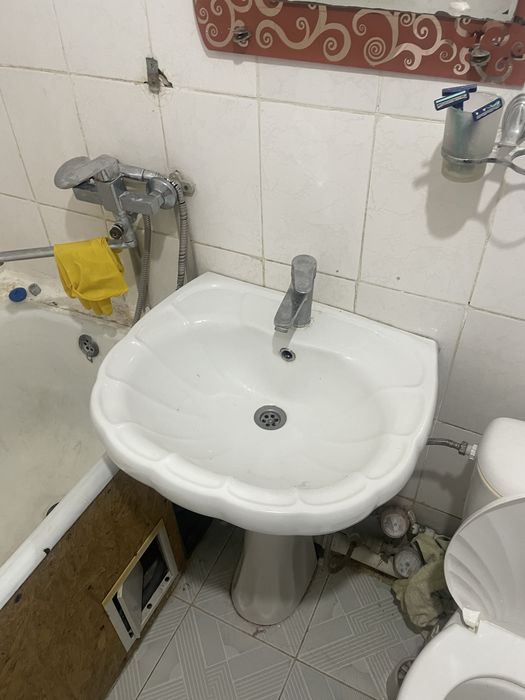 Сдаётся 2-комн.4этаж,9мкр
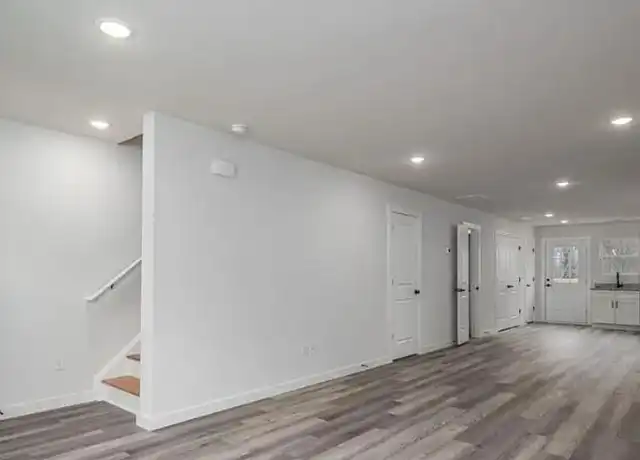 Property at 709 7th Ave SE, Hickory, NC, 28602, 3 beds, 2 baths, [object Object]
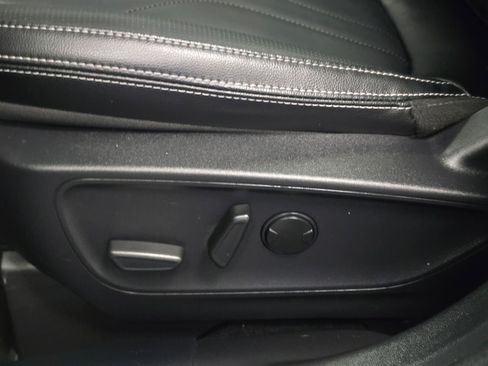 Used 2025 Ford Escape Platinum w/ Premium Technology Package image 33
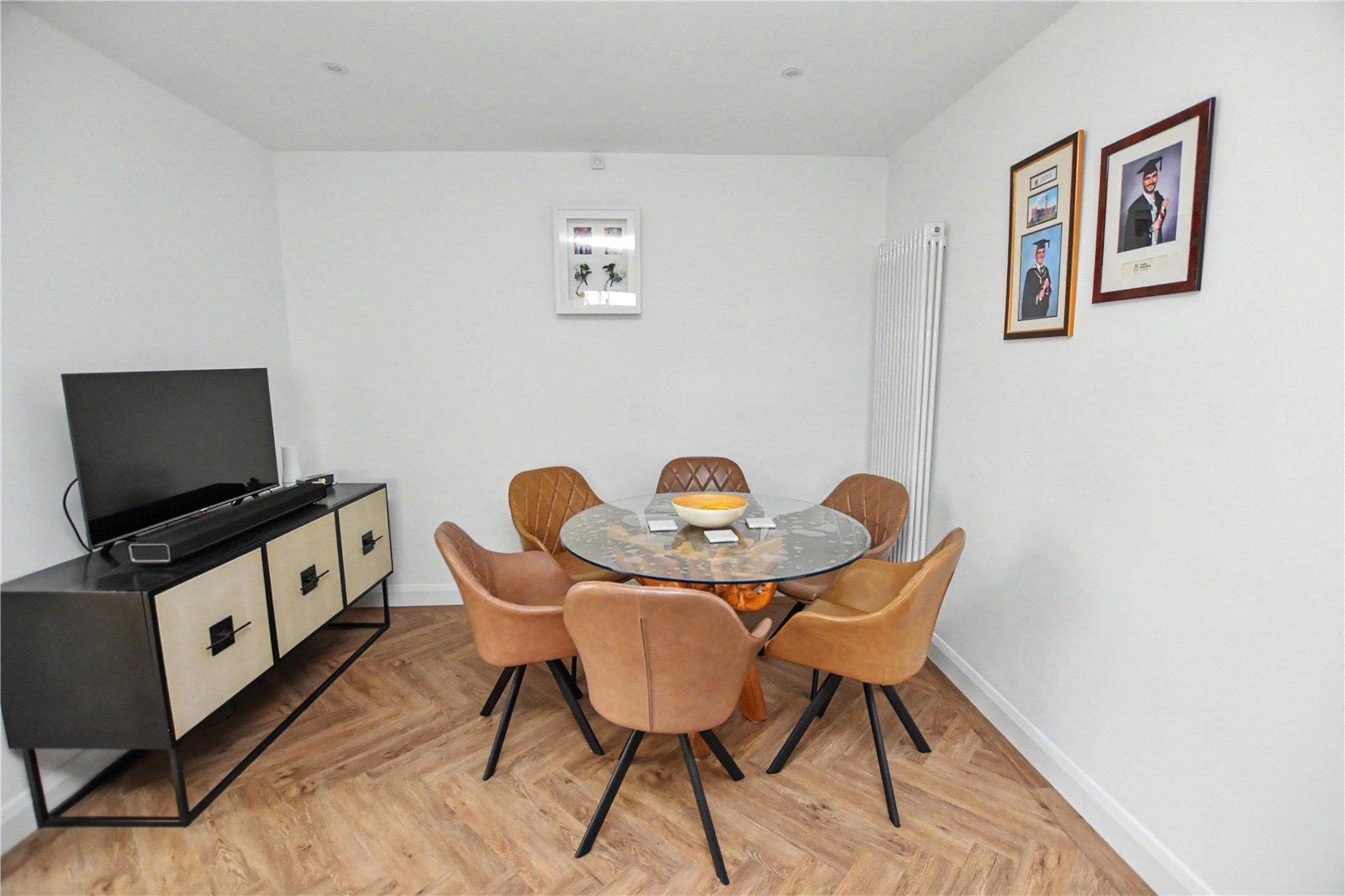 2 bedroom bungalow for sale in Bexleyheath | Robinson Jackson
○ ○ ○ ○ ○
## Work task
Would you output the data exactly, without any of its images?

## Exercise output
 Сдаётся 2-комн.4этаж,9мкр
 Property at 709 7th Ave SE, Hickory, NC, 28602, 3 beds, 2 baths, [object Object]
 Used 2025 Ford Escape Platinum w/ Premium Technology Package image 33
 2 bedroom bungalow for sale in Bexleyheath | Robinson Jackson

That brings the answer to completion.